Los dominicanos, con tantos golpeos de la corrupción que nos agobian y suceden en todos los estamentos oficiales de los poderes ejecutivos y legislativos, teníamos la confianza que nos quedaba un poder sin estar contaminado, pese a las grandes deficiencias de sus integrantes, en especial los del ministerio público.
El Poder Judicial era una prenda preciosa, que en los pasados 10 años se había ganado un nombre de honradez debido a sus acertadas ejecutorias. Pero ahora ha sucumbido como todo en el país, que está podrido por el abuso con los recursos oficiales, y se derrumba ante el descarado accionar de algunos jueces, que sin temor a ser señalados por sus semejantes, ofrecen públicamente descaradas sentencias, alegando que los casos no estaban bien sustentados por la incapacidad del ministerio público y de la Policía Nacional.
Desde Barahona hasta San Cristóbal, San Pedro de Macorís y otras localidades vemos cómo los jueces dictan sentencias de las más diversas índoles, en especial las que benefician a los narcotraficantes o los usurpadores de terrenos y con los embargos a hoteles en la costa este.

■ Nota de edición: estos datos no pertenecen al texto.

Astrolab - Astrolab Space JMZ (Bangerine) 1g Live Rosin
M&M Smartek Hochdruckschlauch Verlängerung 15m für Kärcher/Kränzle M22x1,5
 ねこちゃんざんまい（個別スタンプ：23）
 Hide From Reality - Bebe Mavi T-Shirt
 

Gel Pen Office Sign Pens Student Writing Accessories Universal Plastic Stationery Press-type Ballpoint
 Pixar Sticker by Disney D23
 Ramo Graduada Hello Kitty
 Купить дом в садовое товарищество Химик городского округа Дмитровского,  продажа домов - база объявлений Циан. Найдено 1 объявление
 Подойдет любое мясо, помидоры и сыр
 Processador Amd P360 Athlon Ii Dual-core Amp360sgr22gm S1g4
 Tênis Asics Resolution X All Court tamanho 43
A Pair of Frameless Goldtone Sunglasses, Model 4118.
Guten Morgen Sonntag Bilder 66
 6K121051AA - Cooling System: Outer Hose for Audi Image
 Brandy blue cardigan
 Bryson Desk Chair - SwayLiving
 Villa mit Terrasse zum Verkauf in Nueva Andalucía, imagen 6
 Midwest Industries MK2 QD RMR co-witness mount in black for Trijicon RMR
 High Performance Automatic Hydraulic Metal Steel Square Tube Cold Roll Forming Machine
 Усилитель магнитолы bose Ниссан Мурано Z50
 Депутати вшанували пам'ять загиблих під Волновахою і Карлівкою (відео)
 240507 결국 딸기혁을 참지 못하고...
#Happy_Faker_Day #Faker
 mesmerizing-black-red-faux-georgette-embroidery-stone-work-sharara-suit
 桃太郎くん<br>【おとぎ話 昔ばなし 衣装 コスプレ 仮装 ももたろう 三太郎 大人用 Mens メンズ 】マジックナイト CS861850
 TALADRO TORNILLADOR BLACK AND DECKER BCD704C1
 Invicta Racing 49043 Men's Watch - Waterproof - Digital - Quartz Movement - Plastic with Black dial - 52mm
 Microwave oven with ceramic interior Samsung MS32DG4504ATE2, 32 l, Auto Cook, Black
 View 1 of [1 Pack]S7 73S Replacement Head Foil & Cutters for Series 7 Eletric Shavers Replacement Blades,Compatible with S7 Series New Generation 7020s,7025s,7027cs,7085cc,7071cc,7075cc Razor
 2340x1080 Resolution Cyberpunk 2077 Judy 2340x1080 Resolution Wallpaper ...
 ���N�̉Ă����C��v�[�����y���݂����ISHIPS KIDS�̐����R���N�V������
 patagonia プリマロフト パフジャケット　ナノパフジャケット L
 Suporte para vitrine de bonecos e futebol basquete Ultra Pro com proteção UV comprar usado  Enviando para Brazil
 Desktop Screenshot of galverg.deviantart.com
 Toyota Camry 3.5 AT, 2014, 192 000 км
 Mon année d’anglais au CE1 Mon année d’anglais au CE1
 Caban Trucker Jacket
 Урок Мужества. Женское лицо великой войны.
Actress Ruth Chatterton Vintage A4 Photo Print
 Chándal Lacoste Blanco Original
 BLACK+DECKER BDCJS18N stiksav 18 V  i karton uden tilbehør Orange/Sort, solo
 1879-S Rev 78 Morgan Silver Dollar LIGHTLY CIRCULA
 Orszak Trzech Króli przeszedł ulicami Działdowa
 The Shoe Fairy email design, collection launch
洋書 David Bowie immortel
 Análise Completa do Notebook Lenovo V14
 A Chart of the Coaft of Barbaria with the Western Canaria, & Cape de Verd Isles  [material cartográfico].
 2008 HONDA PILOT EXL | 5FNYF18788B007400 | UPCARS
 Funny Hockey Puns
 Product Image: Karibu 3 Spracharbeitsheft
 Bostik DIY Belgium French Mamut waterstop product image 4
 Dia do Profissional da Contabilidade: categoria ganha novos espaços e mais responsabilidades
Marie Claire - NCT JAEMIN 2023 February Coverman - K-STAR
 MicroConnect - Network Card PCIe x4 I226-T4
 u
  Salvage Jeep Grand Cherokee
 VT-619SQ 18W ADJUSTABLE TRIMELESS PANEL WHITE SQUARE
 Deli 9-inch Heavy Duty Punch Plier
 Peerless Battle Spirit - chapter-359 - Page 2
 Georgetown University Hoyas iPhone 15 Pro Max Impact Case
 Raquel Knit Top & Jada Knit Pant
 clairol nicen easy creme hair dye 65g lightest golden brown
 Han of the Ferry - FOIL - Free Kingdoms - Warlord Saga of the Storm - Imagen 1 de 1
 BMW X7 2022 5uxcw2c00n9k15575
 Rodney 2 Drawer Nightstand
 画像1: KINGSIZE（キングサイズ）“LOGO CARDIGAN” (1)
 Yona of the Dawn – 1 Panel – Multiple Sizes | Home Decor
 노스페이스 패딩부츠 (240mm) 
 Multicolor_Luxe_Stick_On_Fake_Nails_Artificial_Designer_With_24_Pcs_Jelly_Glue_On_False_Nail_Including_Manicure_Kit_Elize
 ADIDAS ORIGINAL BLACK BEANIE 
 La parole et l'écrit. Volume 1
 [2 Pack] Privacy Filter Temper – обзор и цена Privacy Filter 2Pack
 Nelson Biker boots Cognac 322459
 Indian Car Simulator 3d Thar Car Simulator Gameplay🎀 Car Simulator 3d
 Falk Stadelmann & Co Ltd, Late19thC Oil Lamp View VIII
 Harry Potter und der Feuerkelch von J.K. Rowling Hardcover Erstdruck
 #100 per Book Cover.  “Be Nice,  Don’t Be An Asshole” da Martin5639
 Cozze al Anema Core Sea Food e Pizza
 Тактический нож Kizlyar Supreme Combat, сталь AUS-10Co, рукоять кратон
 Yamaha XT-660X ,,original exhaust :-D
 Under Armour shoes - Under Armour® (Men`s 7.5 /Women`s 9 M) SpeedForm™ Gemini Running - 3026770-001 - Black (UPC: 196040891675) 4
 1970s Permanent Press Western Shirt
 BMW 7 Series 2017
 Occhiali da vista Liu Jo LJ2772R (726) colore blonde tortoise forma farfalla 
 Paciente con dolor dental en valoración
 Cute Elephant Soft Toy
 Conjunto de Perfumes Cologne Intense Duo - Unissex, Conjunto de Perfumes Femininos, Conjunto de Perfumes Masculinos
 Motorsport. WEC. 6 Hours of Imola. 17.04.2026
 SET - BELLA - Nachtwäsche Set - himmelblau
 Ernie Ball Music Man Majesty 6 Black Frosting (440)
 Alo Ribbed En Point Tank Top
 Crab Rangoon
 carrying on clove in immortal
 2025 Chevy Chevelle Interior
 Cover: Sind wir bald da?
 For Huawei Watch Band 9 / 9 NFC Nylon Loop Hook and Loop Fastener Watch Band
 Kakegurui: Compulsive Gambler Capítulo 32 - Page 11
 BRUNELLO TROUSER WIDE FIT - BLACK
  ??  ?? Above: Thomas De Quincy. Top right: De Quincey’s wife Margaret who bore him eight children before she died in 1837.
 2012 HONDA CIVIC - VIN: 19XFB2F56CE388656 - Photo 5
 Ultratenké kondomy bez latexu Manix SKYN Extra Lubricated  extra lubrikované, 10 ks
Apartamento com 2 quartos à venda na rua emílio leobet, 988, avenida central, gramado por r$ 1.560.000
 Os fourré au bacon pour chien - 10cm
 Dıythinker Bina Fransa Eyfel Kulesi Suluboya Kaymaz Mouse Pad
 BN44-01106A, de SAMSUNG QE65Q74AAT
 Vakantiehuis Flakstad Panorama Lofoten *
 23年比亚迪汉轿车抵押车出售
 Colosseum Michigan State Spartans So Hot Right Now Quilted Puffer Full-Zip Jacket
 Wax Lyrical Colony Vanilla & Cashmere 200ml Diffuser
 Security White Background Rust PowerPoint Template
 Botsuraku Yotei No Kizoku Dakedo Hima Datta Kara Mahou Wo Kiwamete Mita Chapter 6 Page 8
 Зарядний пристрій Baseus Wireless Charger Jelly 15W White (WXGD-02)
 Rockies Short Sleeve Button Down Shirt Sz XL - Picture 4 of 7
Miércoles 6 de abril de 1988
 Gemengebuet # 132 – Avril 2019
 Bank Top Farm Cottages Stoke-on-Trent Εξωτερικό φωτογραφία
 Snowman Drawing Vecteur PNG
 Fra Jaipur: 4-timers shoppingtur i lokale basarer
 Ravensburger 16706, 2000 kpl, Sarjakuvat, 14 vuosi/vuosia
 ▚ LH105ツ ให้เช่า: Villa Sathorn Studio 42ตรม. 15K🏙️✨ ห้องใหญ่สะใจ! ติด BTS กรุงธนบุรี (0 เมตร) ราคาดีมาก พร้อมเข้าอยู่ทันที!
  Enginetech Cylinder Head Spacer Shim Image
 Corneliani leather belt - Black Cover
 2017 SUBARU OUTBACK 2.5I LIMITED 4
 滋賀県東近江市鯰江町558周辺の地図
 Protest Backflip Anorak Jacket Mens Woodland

Los maleantes liberados retornan a sus actividades, ante la alarma y sorpresa de la ciudadanía, que perdió el último baluarte de la honestidad, que era la divisa que regía las actuaciones judiciales, apuntaladas por hombres y mujeres, que en la Suprema Corte de Justicia tienen como legado un buen nombre en la sociedad, aun cuando hay sus excepciones de hechos cometidos por algunos, que como manzanas podridas, dañarían la carrera de ilustres magistrados, empeñados en que no perezca en sus manos la honorabilidad del poder judicial.
Para la opinión pública nacional e internacional, el caso dominicano da pena ante el desbordado proceder de sus ciudadanos, que en la búsqueda de dinero rápido, empujan a muchos a cometer fechorías, que tan solo hace cinco o diez años no se atrevían a acariciarla como una idea de aumentar o buscar sus riquezas para salir de sus penurias económicas. Entonces, el ejemplo que se ve a diario, de un latrocinio rampante, derribó los escrúpulos para marcharle a los recursos públicos. El lavado de dinero impulsó e invitó a muchos a dedicarse a la búsqueda de la mina de oro que los haría ricos.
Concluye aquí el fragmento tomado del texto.